Simply put, what works for Final Fantasy is not going to work for Angry Birds, and the effort of trying to make a one size fits all game engine, and coding to the engine, would be considerably greater than coding two game engines. Since I write all this as a personal opinion from the perspective of someone who has minimal experience in the field of game development,  I will be providing no hard evidence to support my rambling, so take my statements for what you will, however the direct correlation between the complexity of usage of a framework / engine and the level of flexibility afforded by said framework / engine has been demonstrated time and again (and I'm sure if you enter a magic series of keywords into Google you'll find some evidence to that effect).

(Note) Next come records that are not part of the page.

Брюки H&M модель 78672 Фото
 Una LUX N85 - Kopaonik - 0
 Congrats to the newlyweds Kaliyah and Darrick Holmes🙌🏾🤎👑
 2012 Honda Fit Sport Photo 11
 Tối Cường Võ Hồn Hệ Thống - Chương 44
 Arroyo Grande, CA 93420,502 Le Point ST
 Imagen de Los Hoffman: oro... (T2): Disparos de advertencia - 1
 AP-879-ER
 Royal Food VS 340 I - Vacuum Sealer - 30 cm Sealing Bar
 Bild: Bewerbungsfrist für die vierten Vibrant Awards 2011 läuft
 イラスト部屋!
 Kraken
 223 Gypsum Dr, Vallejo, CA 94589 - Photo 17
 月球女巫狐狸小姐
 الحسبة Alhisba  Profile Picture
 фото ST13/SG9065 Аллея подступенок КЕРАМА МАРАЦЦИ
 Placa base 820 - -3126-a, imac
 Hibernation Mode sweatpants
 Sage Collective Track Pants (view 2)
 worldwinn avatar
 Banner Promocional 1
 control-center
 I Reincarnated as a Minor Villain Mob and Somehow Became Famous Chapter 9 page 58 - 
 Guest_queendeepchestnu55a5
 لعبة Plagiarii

And now for something actually interesting, another demo sprite.  Enjoy

a Panda, standing, in a v-neck

Saturday, February 26, 2011

Panda Town Sprite Development

Since this is my first official post about the Panda Town project, for those not yet familiar with the project, it's probably also the first you're hearing about it.  To give you the brief intro, Panda Town is a game I'm working on, the engine of which is entirely Javascript (though the game definition is housed in a tripple-store and delivered asynchronously to the game engine upon request).  Graphics are courtesy of HTML5's canvas element (which is an element with a LOT of potential for those of you who haven't played with it yet).  I'll post more about the engine itself in the future but right now we're talkin' graphics.

Being my first venture into Sprite Graphics (I don't know why I capitalized those words), I'm having to draw and re-draw a lot of the work, but some of the elements are starting to coming together.  I want a bit of a retro feel to my work, something maybe reminiscent of Zak McKracken or Monkey Island (the early Monkey Island, not the newer stuff (which is also solid work) ).  My primary tool thus far has been Photoshop and my best friend in Photoshop has been the 1px pencil tool which gives the image the blocky feel that I'm looking for.

A Panda and his coffee

Working with the constraints of individual pixels and the constraints of a particular feel has been a great exercise thus far.  The medium, while challenging, is also somewhat rewarding, especially for someone who still loves the classic feel of Maniac Mansion or Lolo. Just changing a couple pixels can have a huge effect on the way the image is perceived since you're dealing outside of realism and have to trick the eye into seeing some degree of continuity.  

As I get further into the drawing I'll probably post some more teasers.  At the moment I'm waiting until I figure out what I want the floors and walls to look like (and by that I mean waiting until I have the patience to draw the floors and walls) to post any full rooms.  I also hope to talk a little more about the engine soon since it's close to being done.